That microswitch just may be at fault, but the coincidence of this happening at this time is what bothers me. I just hope it's the mircoswitch rather than door alignment.
BUT, I am not totally in agreement with the provided alternate jacking instructions and would like to add comments about that.
First, that hockey puck is concentrating the lift over just a few inches. I took a 10--12 inch long piece of 4x4 lumber and used a circular saw to cut a channel down the center of its length. The channel cut should be approx 1/4" wide and NOT AS DEEP as the welded up piece that extends downward that you jack on...this allows all the lift to be supported by the bottom of the vertical welded piece along the entire length of the 4x4. Use this pressure distributing block as close to the front or rear as possible to avoid jacking the entire side of the car at once.

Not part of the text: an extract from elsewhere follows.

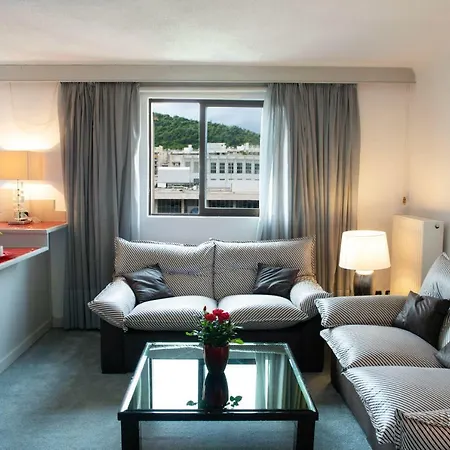 Penthouse On 6th Floor Apartment Athens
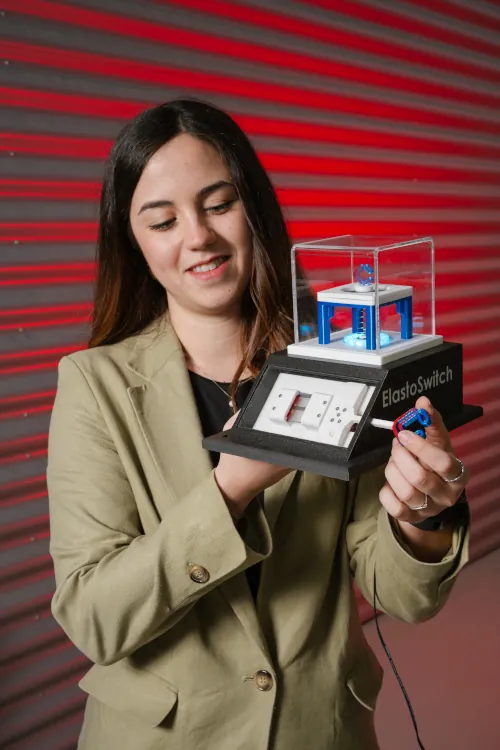 ZeMA Motzki 164991 elastoswitch carmen parri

I've just done a major project with this jacking setup and it works very well and easy.
Second, I would limit the jack stands height to just enough to remove the wheel/tire. Each extra inch that you jack the car using an alternate point (to accommodate your jack stand) requires a lot of extra force since car frame/body is being torqued and is resisting.
They put those installed jack points there for a good reason. The use of any alternate points is risky and I recommend that you heed what I've said above. I once learned this the hard way with a partially crushed underbody alternate jack point, but that was a different model sports car.